In short, I have the same worries now as then, just that the things are upgraded. I worried about rent then, I worry about my mortgage now. I used to worry about feeding me then, I worry about feeding my family now. I travel virtually the same then as now. I work more hours now but the benefits are better.
In nether case did I hang with extremes; no one was destitute then and no one has FU money now.
Drug use in my bartending days was almost universal. Drug use among my peer group now is almost universally opposite.
The entire point of the conservative argument is, as you put it, “if an individual has enough discretionary income to afford drugs, that person has enough income to be disqualified.” But then you assume that the people who otherwise qualify for need-based aid are just as able to afford drugs as the rest of the population in order to make your argument. That’s inconsistent. I’m not saying you’re necessarily wrong, but you are assuming something that seems to be unreasonable, and you really need to back it up with more than mere extrapolation.

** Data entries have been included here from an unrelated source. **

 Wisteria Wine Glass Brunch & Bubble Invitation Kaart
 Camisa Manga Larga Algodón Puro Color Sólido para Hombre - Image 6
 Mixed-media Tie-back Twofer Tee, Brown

In both cases I’ve found that people have adequate “pocket money”. No one was poor or destitute, all had access to food and shelter. … In short, I have the same worries now as then, just that the things are upgraded.

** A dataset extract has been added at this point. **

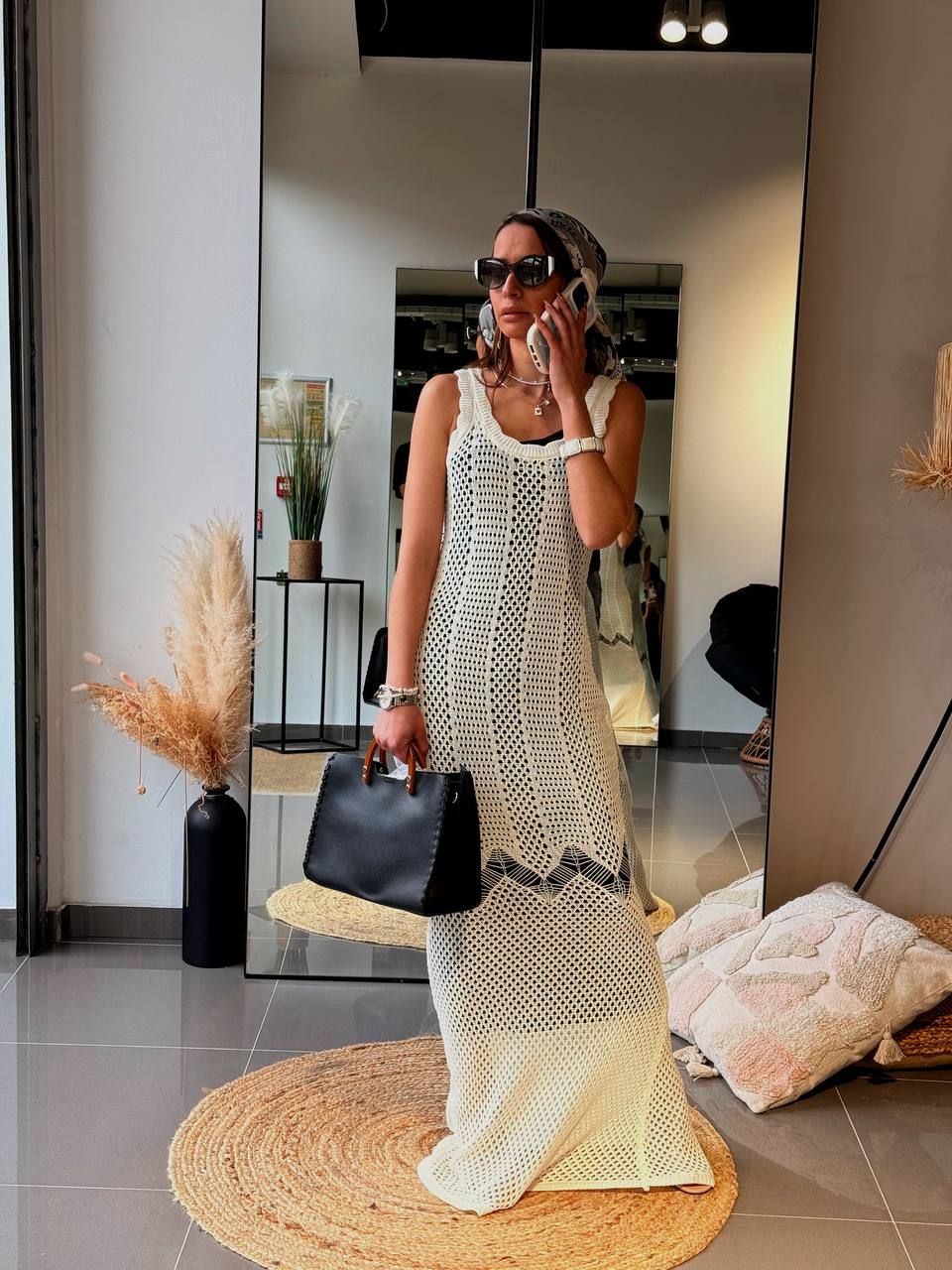 Robe plage en maille blanche – Style été bohème chic - Fenomen Paris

I don’t know enough about your situation to say this with any certainty, but it seems that you might not have really been exposed to the level of poverty that make one eligible for TANF. You need to be making less than $22,000 a year, you need to be keeping less than $11,000 per year as take-home after expenses, and you need to have less than $2,000 in assets. If you have 2 people in your household, then your combined goes up to $30k in gross income, $15k in net, and the same $2000 asset limit. I mean, that’s a very low bar to get under. You also need to participate in work related activities for 20 hrs a week, etc. These aren’t junkies selling their food stamps for an eight ball, these are just very poor people. Honestly, in a more caring society, these people would probably be eligible for therapeutic weed to deal with their lives.
But then you assume that the people who otherwise qualify for need-based aid are just as able to afford drugs as the rest of the population in order to make your argument. That’s inconsistent. I’m not saying you’re necessarily wrong, but you are assuming something that seems to be unreasonable, and you really need to back it up with more than mere extrapolation.
http://www.samhsa.gov/data/nhsda/1997main/nhsda1997mfWeb-119.htm#Table13.1
Illicit Drug Use in Last Year – by Income:
< $9,000 16.6% $9,000 - $19,999 11.2% $20,000 - $39,999 11.3% $40,000 - $74,999 10.2% > $75,000 10.8%
Further down they break it out by welfare: Receive or Not Receive
18.0% of Welfare recipients reported using an illicit drug in the past year.
I went down from 6.7% to 6. I should have gone UP to 18%.
Florida will be saving a bunch of money.